Quali sono le condizioni per le quali a Pescasseroli nevichi?
Le configurazioni sinottiche per le copiose nevicate, Pescasseroli le ha tutte a favore, salvo in questi casi quando l’aria è più fredda in quota che negli strati più bassi dell’atmosfera. Sicuramente la classica “rodanata” d’aria davvero fredda artica e artico-marittima è la condizione migliore ma può dipendere dalla posizione del vortice di bassa pressione e dall’intensità delle precipitazioni dovuta ai richiami sciroccali o alle libecciate più miti e umide che convergono in essa formando ammassi temporaleschi o cumulonembi forieri di intense precipitazioni nevose o così denominati “temporali di neve”. Tuttavia, nel passare degli anni, Pescasseroli prende molto da sud-est, come diceva il tuo amico con il Grecale che in genere soffia da nord-est ma su questi settori possono esserci anche raffiche da sud-est, molto fredde ed eccessivamente umide, le quali, sorvolando il mare Adriatico più caldo della norma ne prendono violenta instabilità ossia intense correnti ascensionali dal basso che vengono agevolate ancora di più quando impattano sul versante sopravvento delle montagne appenniniche, facendo sì che le nubi nembostrati e cumulonembi producano rovesci nevosi a tratti molto copiosi. La neve che arriva dal mare è dunque, con il passare degli anni, più favorevole di una “rodanata” per Pescasseroli. Un po’ come a Capracotta, in Molise, ove l’aria gelida artica giunta sul mare si destabilizza e poi viene, per sollevamento forzato, ad impattare sull’area pedemontana, facendo sì che le correnti ascensionali consentano alle nubi di gettare molti cm di neve.

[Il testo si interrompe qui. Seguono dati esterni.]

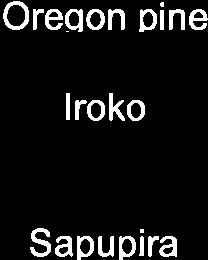 Tabel 1 Houtsoortj Verbindingsklasse en uitvoering van de verbindino2 Pen en gat verbindino Deuvel verbinding Anders Accova B B Vuren B3 83 en C3 Oreoon pine B BenC Larift B BenC lroko B BenC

Le precipitazioni provenienti da est non scaricano maggiormente lungo il versante orientale dell’Appennino?
Se le correnti da nord-est sono molto intense lo “stau appenninico” viene agevolato e avviene lo cosiddetto “sfondamento appenninico” con nevicate a tratti anche abbondanti fin sulla Marsica sud-orientale e anche sul versante orientale del Molise.
Vi ringrazio per la cortese attenzione.